Started testing as per WIKI page and the server report the certificates have expired. Verify return code: 10 (certificate has expired) I assume I require some new certificates of some sort.
Hi All, I have tried going further but now I am completely confused about which certificate and what files where are supposed to have/be/configured. The above tells me the key is too small (but I just remade things with 4096 key size). Then when I run the test procedures as per the WIKI it tells me its expired but I just made it a few hours ago. Like I said I am confused and suspect I am looking at the wrong files etc. Any help appreciated. For now reset back to LEGACY so it continues to work.
All in all, that doesn't sound like a crypto-policies issue to me, so I'm going to close this bug. I believe that 1) setting `ssl_dh=</etc/dovecot/dh.pem`, and 2) generating new key/certificate with an allowed key size (`ssl_key/ssl_cert`) will solve the issue for you. In an unlikely case it won't, please try to reproduce the issue with a clean installation of dovecot. If dovecot defaults still lead to your issue, please file a bug against dovecot.
The message SSL_CTX_use_certificate:ee key too small: indicates that the dovecot.pem key/cert is <2048 bits long. Just regenerate it.
Thanks again to everyone for your help. I believe I have done a clean install of dovecot (did a dnf re-install) but maybe that was not enough so I will try again this time try remove and delete all the files I know about and the dnf install again. I will also try again and generate a new 4k key. I agree my problem does appear to be with dovecot and so this should be logged under dovecot. Unfortunately I am still away for another week and I do not wish to risk "breaking" my email server with remote clients so I will do all of this after the 11th when I return. I will report here what I did (if it is fixed). If not then I will create a new bug under dovecot but I am sure its just the key.

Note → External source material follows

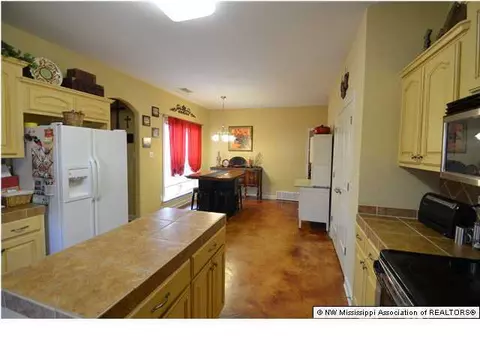 2645 Emerald Way Dr, Hernando, MS 38632 photo 7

What I have now tried to do to correct this. First I copied my existing dovecot configuration (in /etc/dovecot). I then uninstalled dovecot by "dnf remove dovecot". To be sure I then "rm -rf /etc/dovecot". I then "dnf install dovecot". the installation reported some soft errors in my tmpfiles.d usage for nss-pam-ldapd, opendkim, opendmarc. I corrected the /run locations for the pid files and repeated the above which lead to a clean (no errors) install. I then checked 10-mail.conf and 10-ssl.conf to see what differences I had in my configuration compared to the standard configurations. the differences were minor. For mail it was just the mailbox location and the socket locations. For ssl it is the fact that I am using a new dh.pem file In addition I also have the below set to assist in debugging etc ssl_prefer_server_ciphers = yes verbose_ssl = yes For dovecot.conf file I also have listen = *, :: base_dir = /run/dovecot/ login_trusted_networks = my-local-network and my-external-network Again this I think will have no problems. I then tested the new configuration. With it set to LEGACY all is OK. With it set to DEFAULT my-external-network gets in fine and works but my-local-network is still failing. After further investigating turns out that the issue is caused by the fact that /etc/pki/dovecot/dovecot-openssl.cnf and the associated .pem files where old and the bits was too small. This information was found in 1882939. So what to do to fix it was /etc/pki/dovecot/dovecot-openssl.cnf was changed to have 4096 bit pattern rm /etc/pki/dovecot/*/*pem # remove keys first /usr/libexec/dovecot/mkcert.sh # create self signed cert Evolution then complained that the key was now not secure but you just accept it permanently and it then appears to be all sorted.